Now there are 2 ways to do (*)
- either you store a glow factor somewhere, maybe in the alpha channel and explicitely define which parts of your scene glow or show blooming
- or you extract that information from your normal scene
e.g. compute luminance of the scene and use a threshold beyond which
things start to glow.

regards,
stephan
hdr is not necessary, the best method for bloom is create a bloom texture by rendering all the objects that u wanna glow into it + perform the blur on this. much better results than what most/all games do just using the framebuffer even with hdr it looks crap. the downside though is its generally more expensive
I added bloom into the HL1 engine without having to add extra render stages or change pixel formats or anything.


TEXTURE#1 is the same resolution as the screen.
TEXTURE#2 is a lower resolution texture (say 512x512) for performance reasons
SHADER#1 returns out.colour = TEXTURE#1.colour ^3 (colour*colour*colour etc... basically raise to some power. The higher the power, the brighter areas need to be before they bloom)
SHADER#2 implements a convulsion blur filter using TEXTURE#2 in 4 tex units.

Basically, after the world has been rendered, but before you draw the 2D HUD (or simmilar 2d overlays) copy the screen to TEXTURE#1.

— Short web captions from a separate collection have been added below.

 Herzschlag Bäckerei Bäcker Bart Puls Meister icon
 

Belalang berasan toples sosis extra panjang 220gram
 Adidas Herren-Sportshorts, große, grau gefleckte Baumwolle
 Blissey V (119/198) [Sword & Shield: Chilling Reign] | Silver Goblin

Activate SHADER#1 and draw a quad with this texture in an ortho projection, then copy the screen to TEXTURE#2.

Activate SHADER#2 and draw a quad using TEXTURE#2 in 4 different texture units over the whole screen. The texture coordinates for each texture unit should be shifted in different directions to create the blur.

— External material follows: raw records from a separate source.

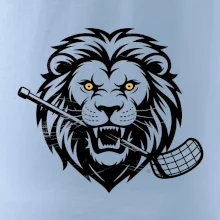 Floorball - Lev s hokejkou v tlamě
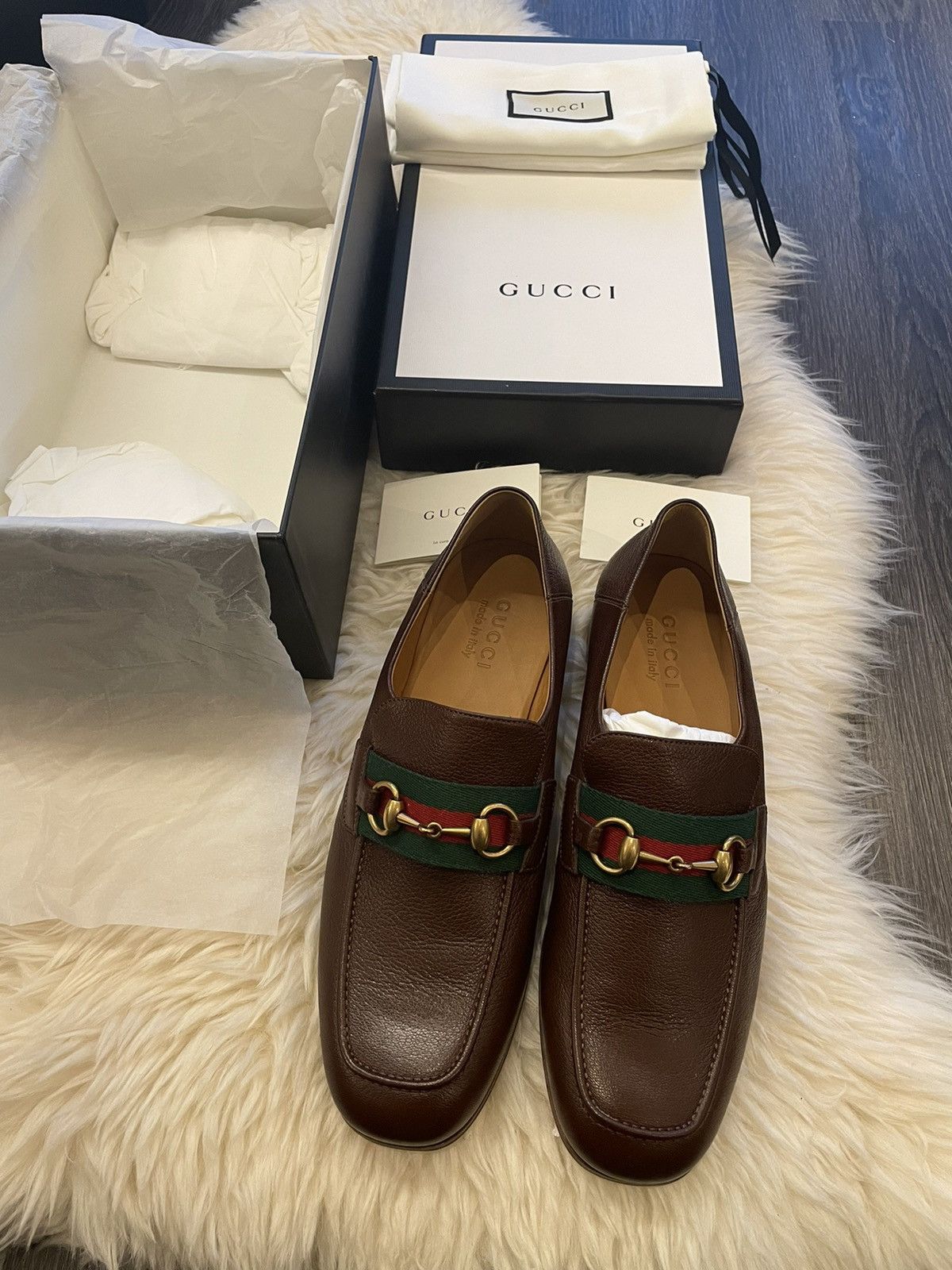 Gucci Iconic Super Classic Limited Havely Kid Leather Loafers New Size US 10.5 / EU 43-44 - 13 Thumbnail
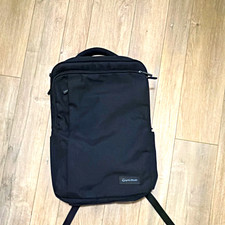TaylorMade Black Solid Backpack Laptop Bag with Zippered Compartments new no tag picture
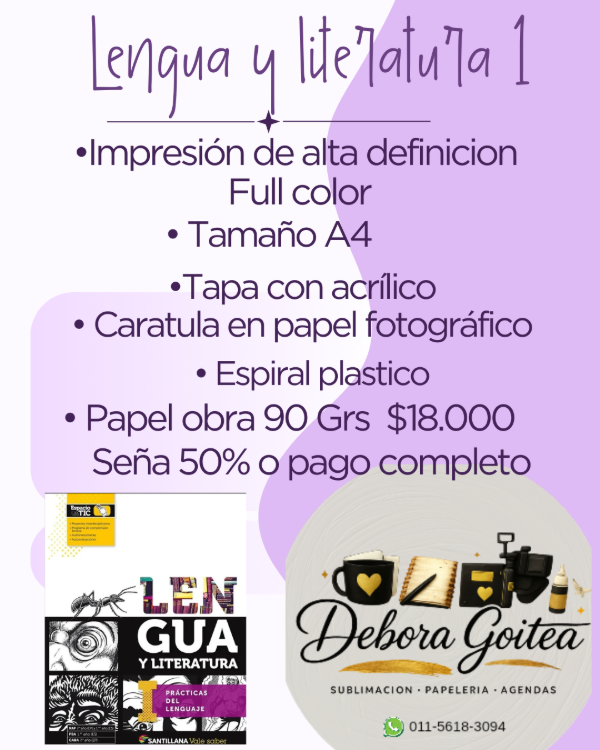 Producto - Literatura 1 , 2 , 3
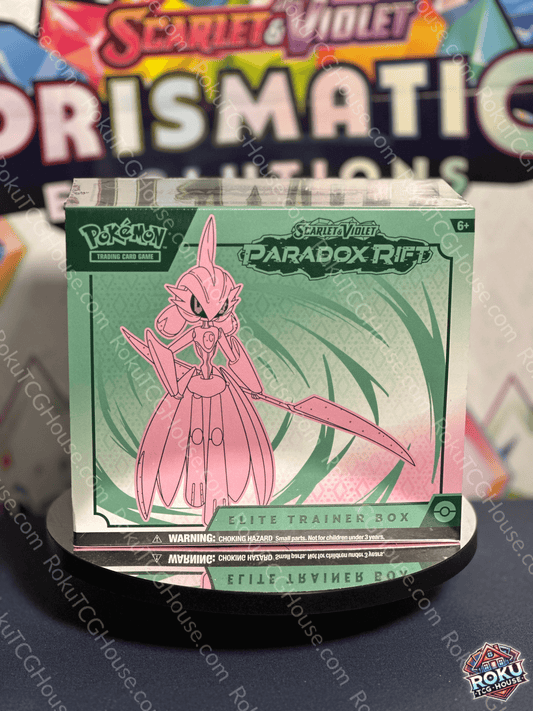Front of Paradox Rift – Elite Trainer Box (Iron Valiant) – Pokémon TCG Elite Trainer Box.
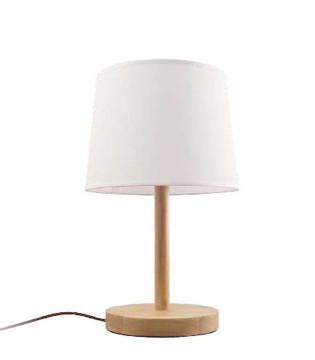 Lámpara mesita de noche madera Latania - Ineslam 2
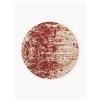 Westwing Collection Tappeto rotondo in lana tessuto a mano con motivo astratto Cynthia - Rosso
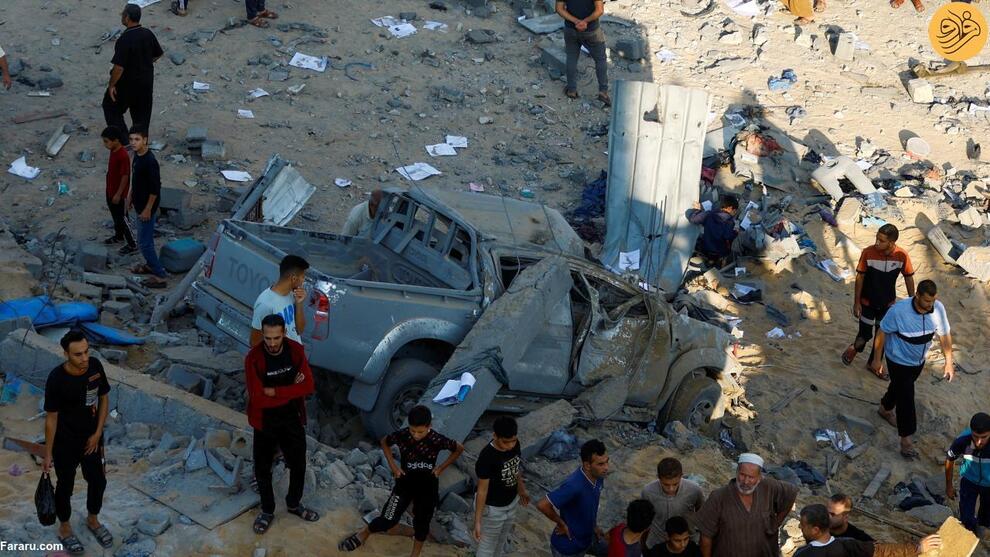 (تصاویر) دهمین روز کشتار ساکنان غزه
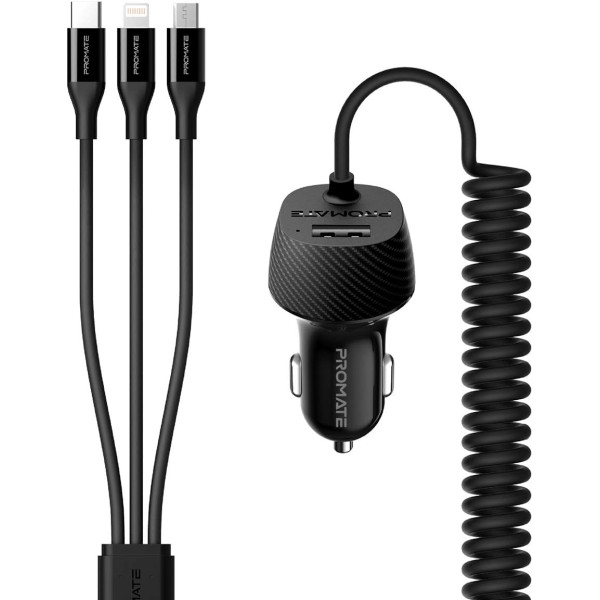 Promate VolTrip-Uni Multi-Connect Universal Car Charger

Capture the result of this back into TEXTURE#2, render TEXTURE#1 back over the whole screen (restore the original image), then add TEXTURE#2 over the top.

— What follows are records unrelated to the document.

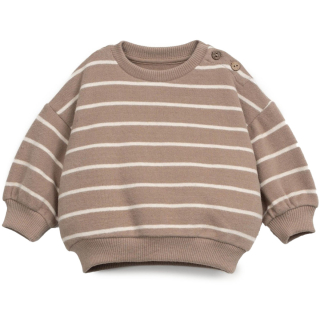 Play Up Sweater Bruin/Creme Strepen Pencil Baby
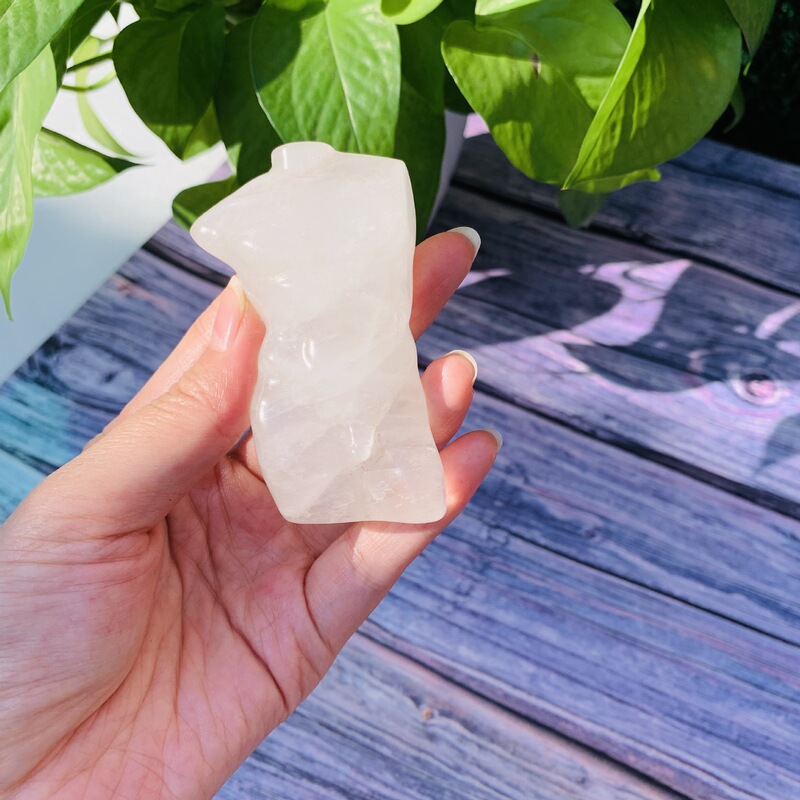 男模女模天然水晶多种材质原石雕刻件水晶摆件 图 13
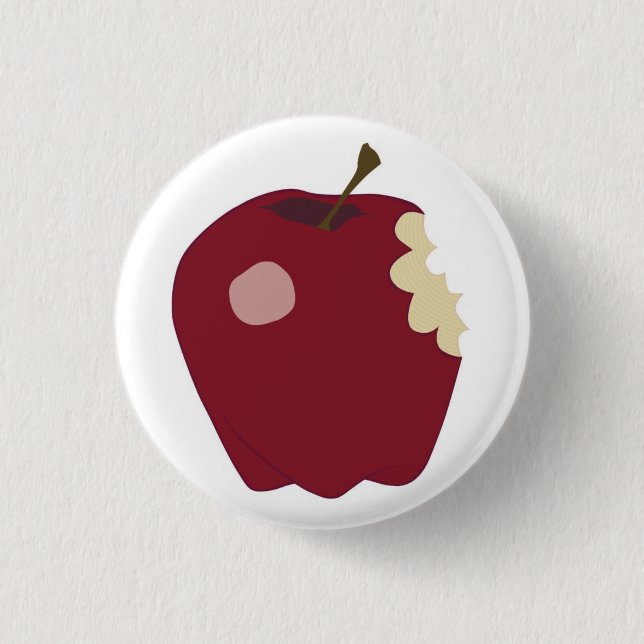 Crunchy Apple 3 Cm Round Badge (Front)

The result is that any bright areas get covered with a bright blur.
Allways question authority......unless you're on GameDev.net, then it will hurt your rating very badly so just shut the fuck up.
I don't know if I got you correctly:

Do I have to render my whole scene into the bloom (blured glow) texture or only the bright parts?
As far as I understood PhilMorton I just have to add some power of the original color value of the whole scene to the scene-texture by adding the bloom texture, right?

So (pseudocode)
for each pixel in screenTexture{//the normal scene  bloomTexture.colorAtThisPixel(screenTexture.colorAtThisPixel^somePower)}

And then I add it several times using multitexturing and some different tex-coords...
I had read an interesting article on the making of shadow of colossus (PS2). They had discussed how they had doen the bloom effect in their game. Here is the link to the article:

http://www.dyingduck.com/sotc/making_of_sotc.html

I hope this helps.
Quote:Do I have to render my whole scene into the bloom (blured glow) texture

normally u use whatevers in the framebuffer, ie screen capture (downscaled) ie u dont rerender your scene again

Quote:or only the bright parts?
if u want a better quality bloom u do this (but more expensive since u have to rerender the scene again)
Ok, thanks guys... I'll try it when I get my FBO-Class running..
Or knows anyone a good FBO tutorial which he can show me?
For bloom, you don't even need to use shaders nor FBO's. At least my approach does not use them. ;*)

Here's what I did.

1. Render your scene to texture ( use a 64 * 64 texture)
2. Upload your scene to system mem (glReadPixels)
3. Do a filter (smoothing works) Also a per pixel alpha test should be fast enough to limit what glows.
4. Draw your scene again to the frame buffer
5. SuperImpose your glow texture to the frambuffer with additive blending.

Here's an example.
Used the bloom effect here to do a volumetric light.
Space to change the render mode.

http://fileanchor.com/47481-d
Hi.
Thx in advance, I'll try it next time I use this strange thing... ahm Win XP... [wink]
But because I use FBO's (it works!!) and GLSL anyway... why not use it?